La fiesta del Corpus
Christi surge a mediados del siglo XIII, en el año 1264, en Lieja, y se
extiende por voluntad del Papa Urbano IV a la Iglesia universal. La celebración
litúrgica alcanza su máxima expresión cuando comienza a introducirse la
procesión del Santísimo con la participación de todo el pueblo. De tal manera
que esta procesión asumió un carácter solemne de manifestación de la fe en la
presencia real de Cristo en la Eucaristía, de adoración pública del Señor.
San Agustín es
probablemente entre los Santos Padres de la Iglesia quien expresó de forma más
precisa y profunda el vínculo que existe entre la Eucaristía y la Iglesia. La
Eucaristía engendra y genera que el mandamiento del amor sea vinculante para
los discípulos de Cristo. Quienes nos alimentamos de Cristo, hemos de hacer las
obras de Cristo, y hemos de dar y vivir con el amor de Cristo. Si no vivimos en
este amor, si no lo mostramos en obras y palabras, ofendemos la Eucaristía. Es
en ella y desde ella donde engendramos un nuevo tipo de relaciones entre los
hombres, las que nacen de la comunión con Cristo.

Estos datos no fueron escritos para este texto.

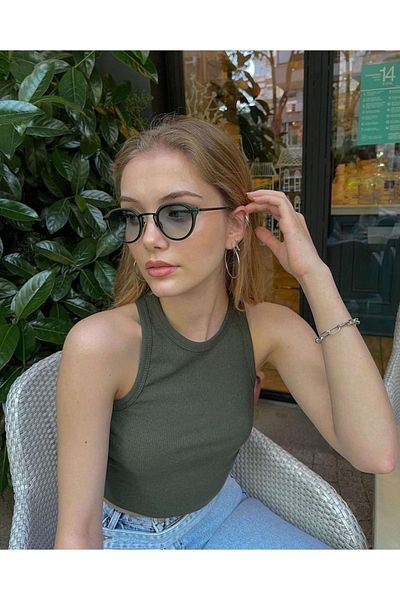 LOOKUP NEW Anastasia Metal Matte Oval Green Glass Gradient Black Frame Uv400 Unisex Sunglasses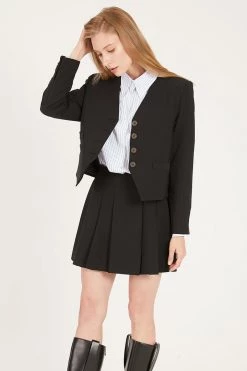 STORETS Ruby Collarless Crop Crepe Blazer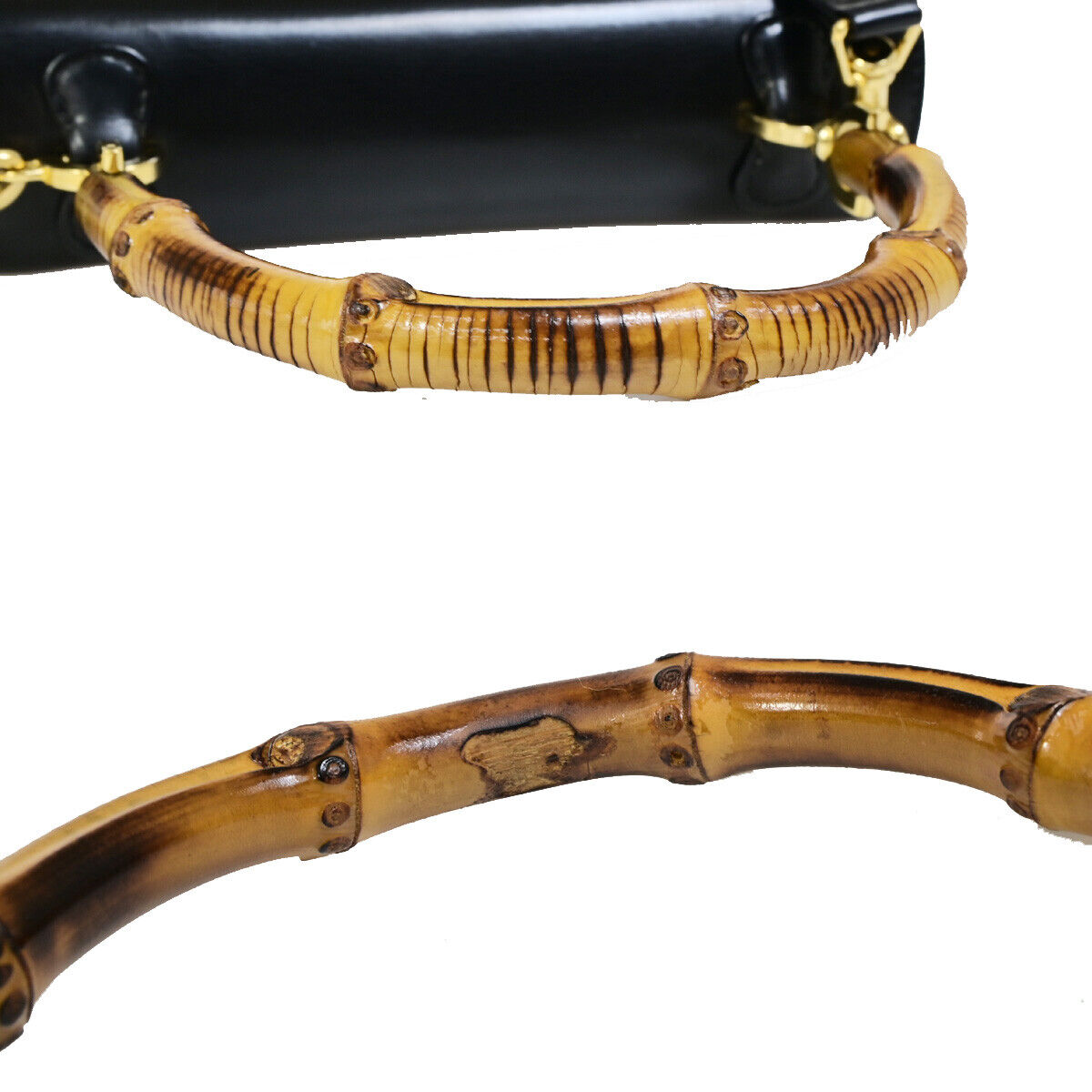GUCCI Logo Bamboo 2Way Small Shoulder Hand Bag Leather Black GHW Italy 609RK553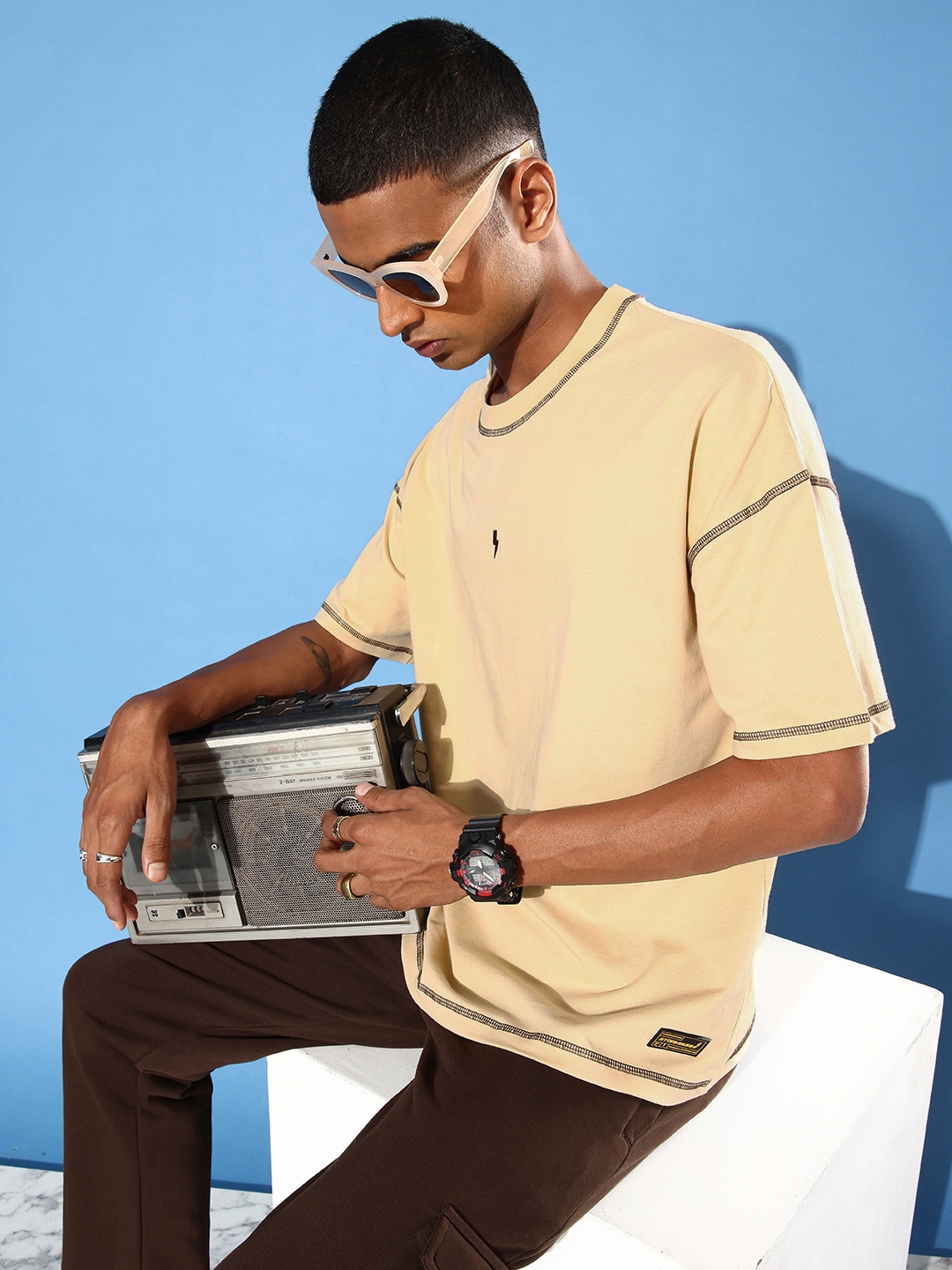 Stormborn Men Drop-Shoulder Sleeves Appliqued Oversized Pure Cotton T-shirt, Beige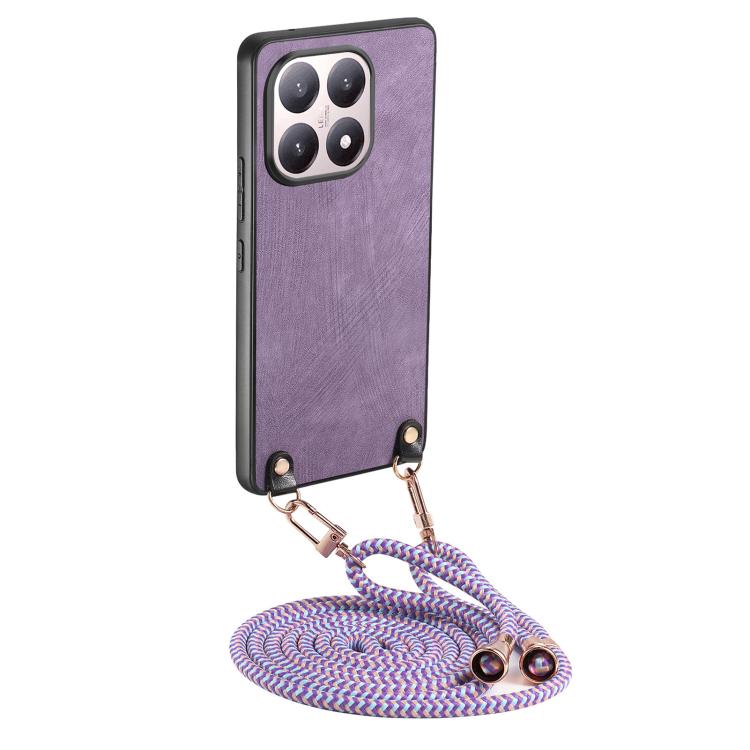 

For Xiaomi 15T Vintage Leather PC Back Cover Phone Case with Crossbody Strap(Purple)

Por eso, os invito, en el día
del Corpus Christi, a vivir la procesión que se hace en todas las iglesias
particulares: «Miradlo, contempladlo: crea y educa para la comunión». Y así
entendemos las palabras del Señor: «El que come mi carne y bebe mi sangre
permanece en mí y yo en él. […] El que me come vivirá por mí» (Jn 6, 56-57). La
comunión con Nuestro Señor Jesucristo cura heridas, rupturas, enfrentamientos y
nos lleva siempre a buscar el encuentro con el otro. Así lo hizo nuestro
Maestro.
La
encíclica Ecclesia de Eucharistía (17 abril, 2003), en el
capítulo cuarto, “Eucaristía y comunión eclesial”, nos recuerda que no podemos
olvidar lo que san Pablo decía a los Corintios, cuando les mostraba el gran
contraste que existía entre sus divisiones y enfrentamientos y lo que
celebraban en la Cena del Señor. San Agustín lleva al culmen estas enseñanzas
que nacen de la Cena del Señor, y de la reflexión que hace san Pablo. Dirá así:
si los cristianos somos el cuerpo de Cristo y somos sus miembros, entonces,
cuando el Señor está realmente presente en el altar, sobre la mesa, allí está
el misterio que somos nosotros mismos. Somos uno en Cristo, los miembros no
pueden separarse de la Cabeza. De ahí que la conclusión sea clara: hemos sido
consagrados para la unidad y la paz, para recrear y educar en la comunión a
todos los que nos encontremos en la vida. Si hacemos lo contrario, estamos
negando lo que somos y negando a Cristo. Por eso es una gracia para la Iglesia
esta fiesta del Corpus Christi: saliendo el Señor por las calles, nosotros los
cristianos, podemos mirarlo, contemplarlo, y en esa actitud se crea en nuestra
vida una nueva manera de vivir y se convierte en una escuela para la comunión.
La
Iglesia vive de la Eucaristía. Esta expresión encierra en sí misma, y en una
síntesis perfecta, el núcleo del misterio de la Iglesia. De ahí que el Concilio
Vaticano II proclamase el Sacrificio eucarístico diciendo que es «fuente y cima
de toda la vida cristiana» (LG 11). La fiesta del Corpus Christi quiere
suscitar en los cristianos y en quienes ven el paso del Señor, lo que podemos
llamar el asombro eucarístico. Pido al Señor,
que se suscite en todos el asombro eucarístico,
que en definitiva es la invitación a que contemplemos el rostro de Cristo.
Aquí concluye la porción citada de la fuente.